Please transcribe the data exactly as shown, skipping the images.

▸ Input data:
┄┄┄┄┄┄

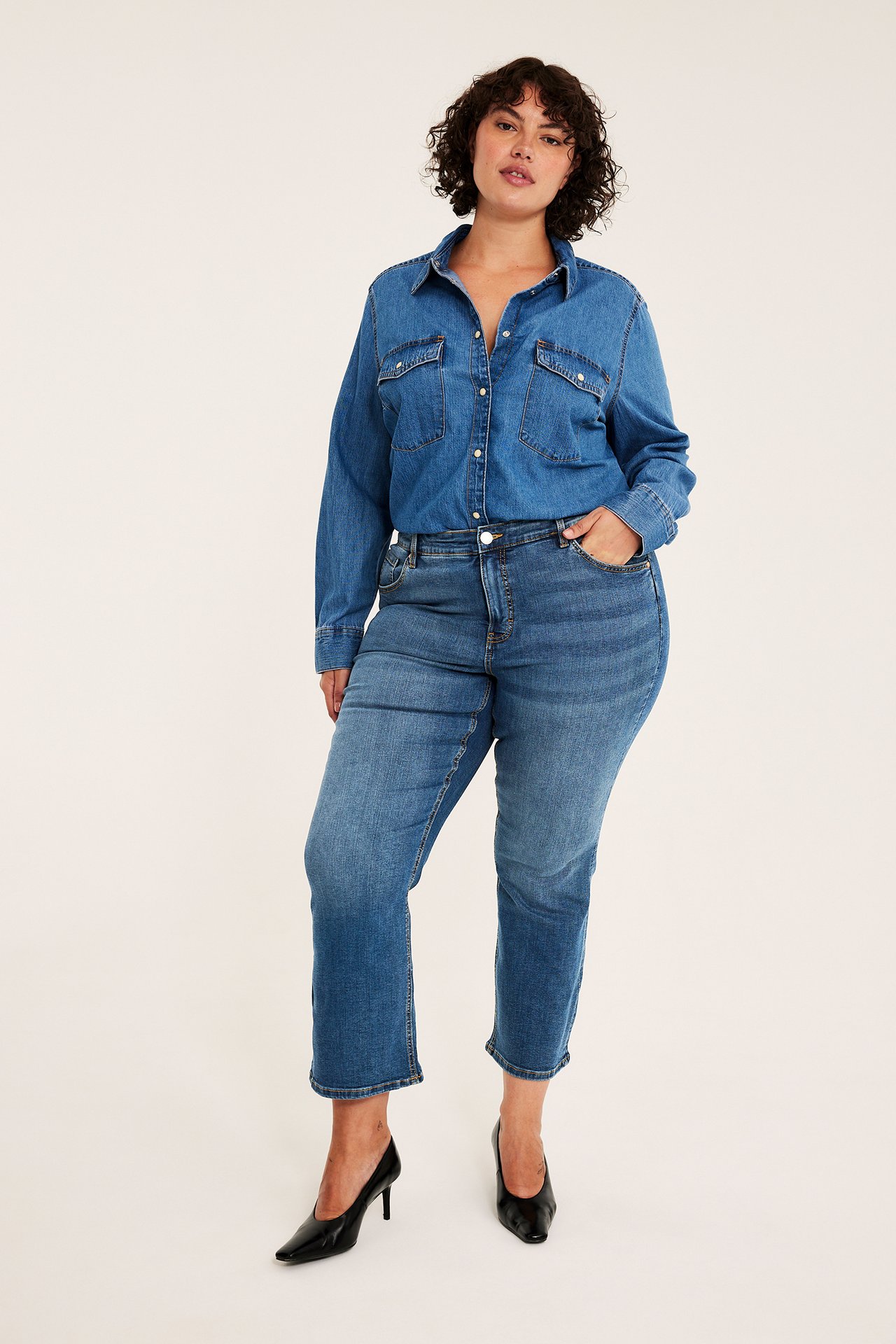 Dżinsy cropped flare high waist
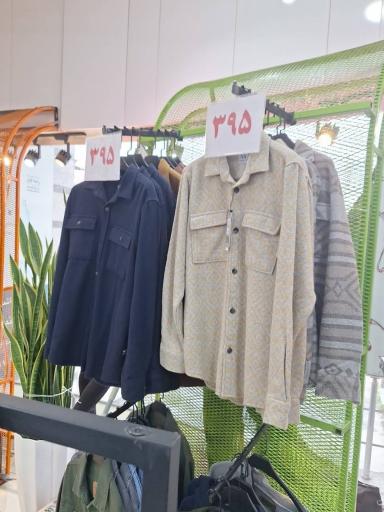 عکس مرکز خرید دی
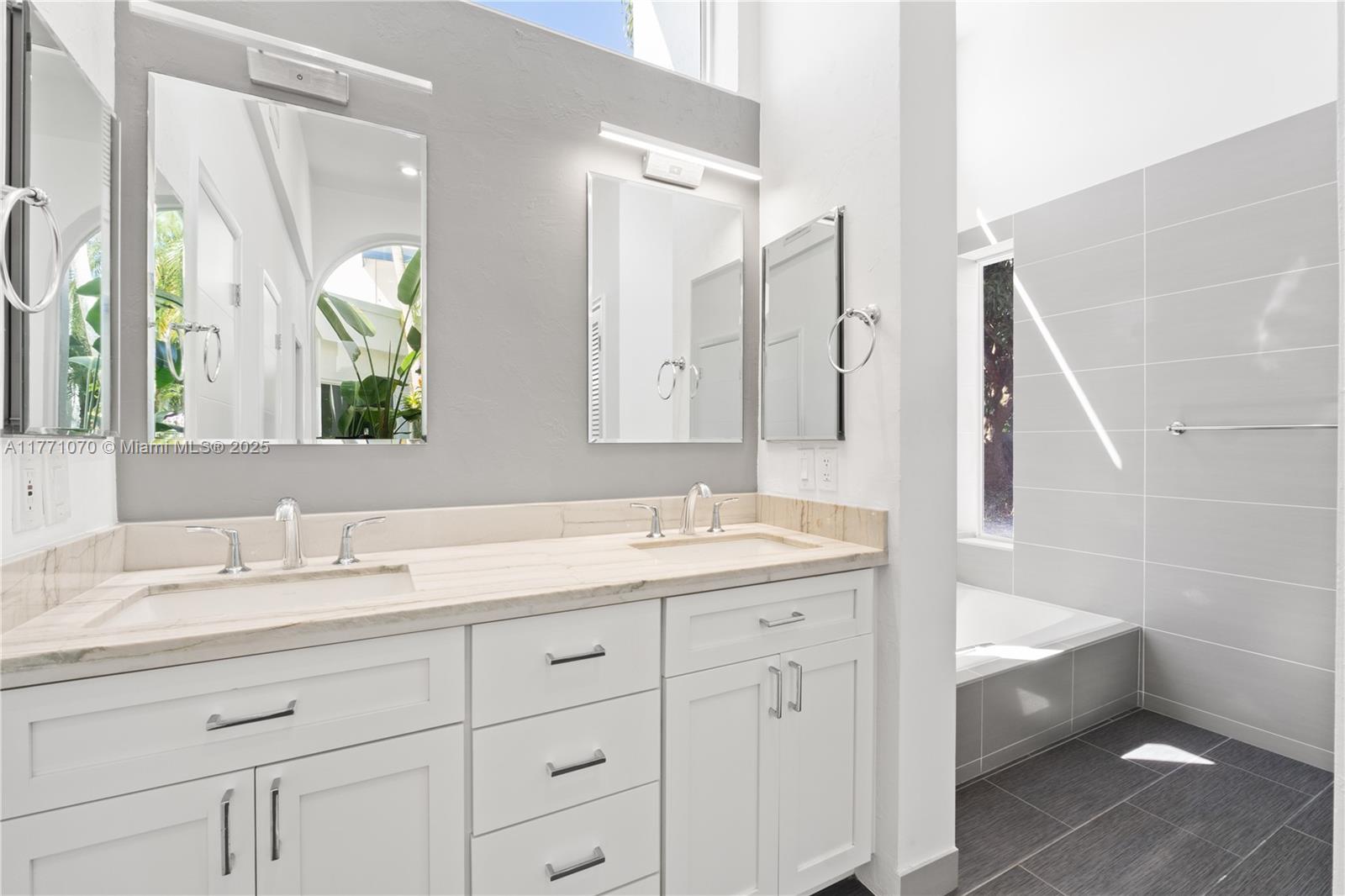 10504 SW 129th Ter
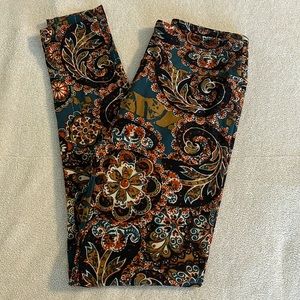 LulaRoe leggings. One size (2-10).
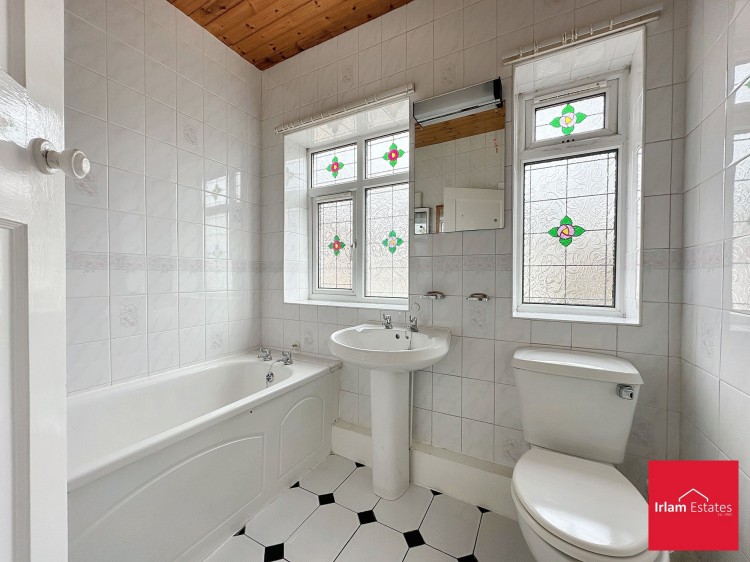 Images for Stretford Road, Urmston, M41 EAID:3405264228 BID:2714ea13-4875-41c2-9250-130c9b5cb2ff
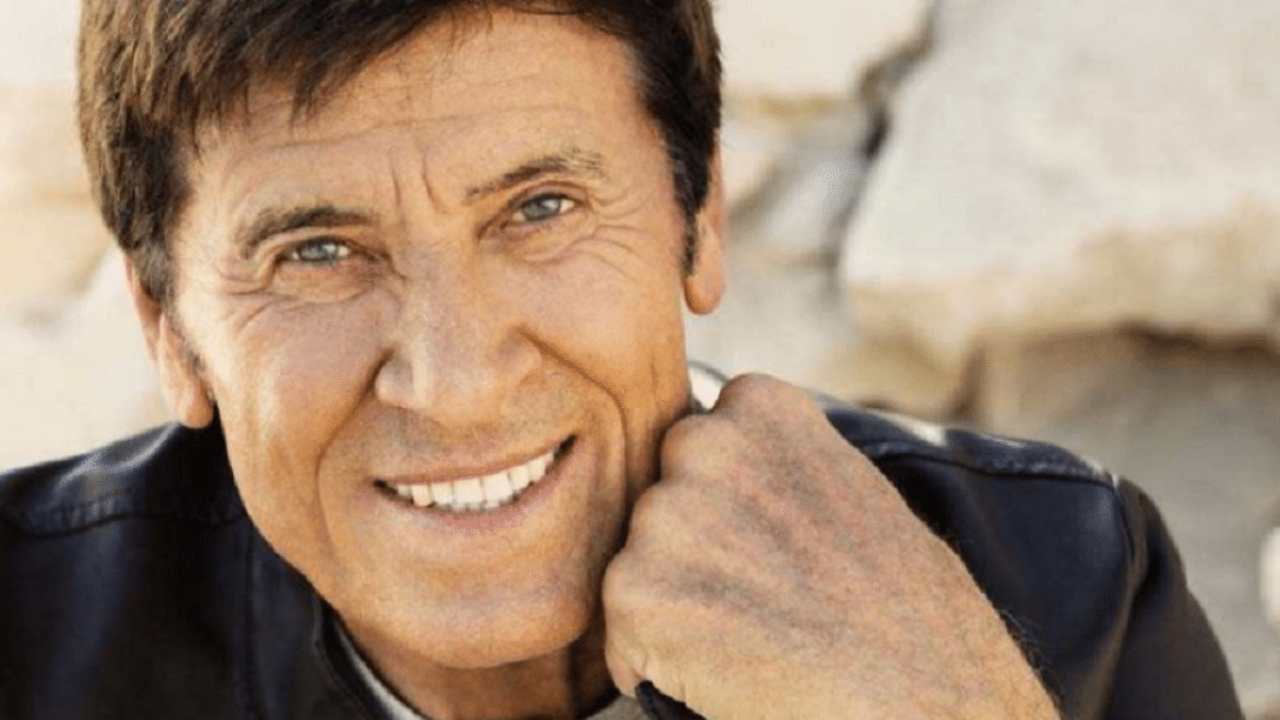 gianni morandi sorride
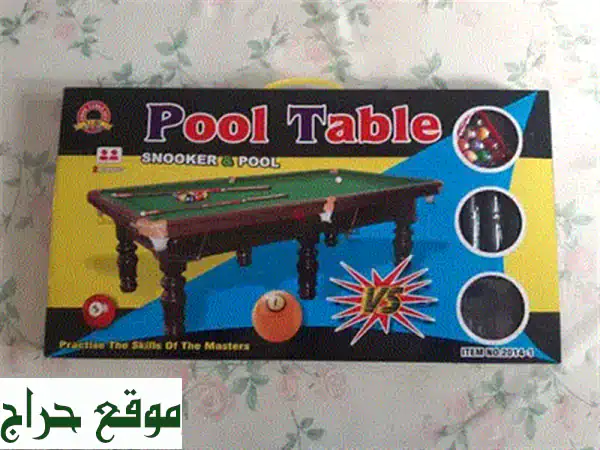 طاولة كرة قدم مصغرة -  للحماس العائلي!  حالة ممتازة!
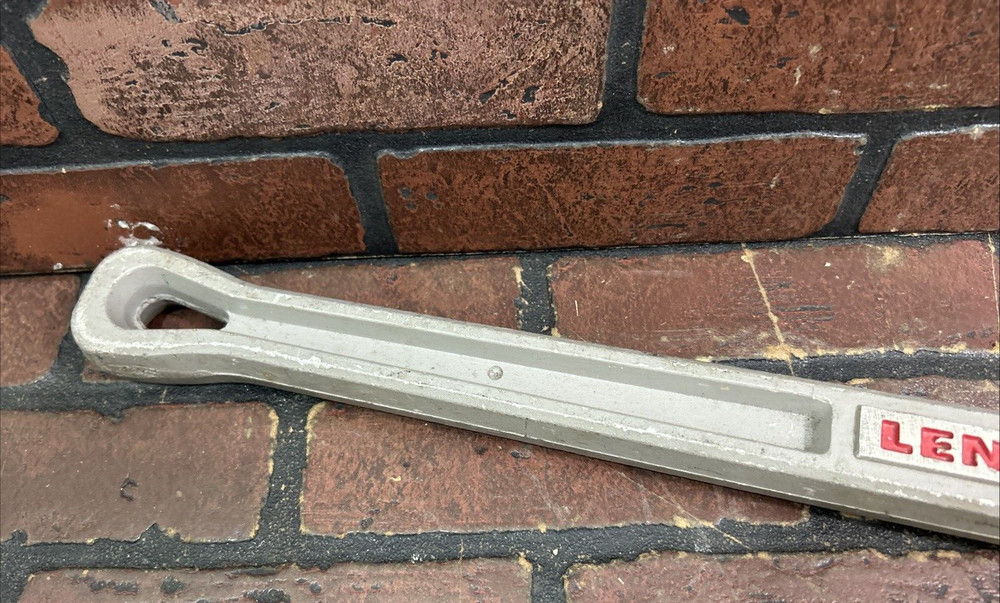 Lenox Tools 36" Aluminum Pipe Wrench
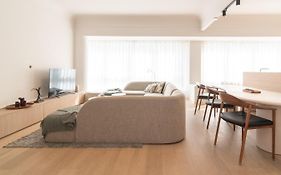 Deluxe 4 Rooms Apartment With Casino View At The Beach And Free Parking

┄┄┄┄┄┄

▸ Your response:
 Dżinsy cropped flare high waist
 عکس مرکز خرید دی
 10504 SW 129th Ter
 LulaRoe leggings. One size (2-10).
 Images for Stretford Road, Urmston, M41 EAID:3405264228 BID:2714ea13-4875-41c2-9250-130c9b5cb2ff
 gianni morandi sorride
 طاولة كرة قدم مصغرة -  للحماس العائلي!  حالة ممتازة!
 Lenox Tools 36" Aluminum Pipe Wrench
 Deluxe 4 Rooms Apartment With Casino View At The Beach And Free Parking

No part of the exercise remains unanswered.